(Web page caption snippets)

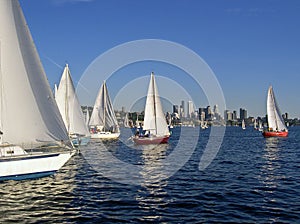 Seattle Sail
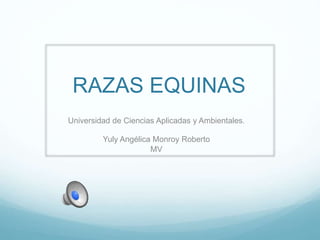 RAZAS EQUINAS
Universidad de Ciencias Aplicadas y Ambientales.
Yuly Angélica Monroy Roberto
MV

→ **REQUIREMENT**
Reproduce exactly and only the lines from the one with "RAZAS EQUINAS" through the final line of the records above, inclusive. Pictures must be left out.

→ **EXERCISE OUTPUT**
 RAZAS EQUINAS
Universidad de Ciencias Aplicadas y Ambientales.
Yuly Angélica Monroy Roberto
MV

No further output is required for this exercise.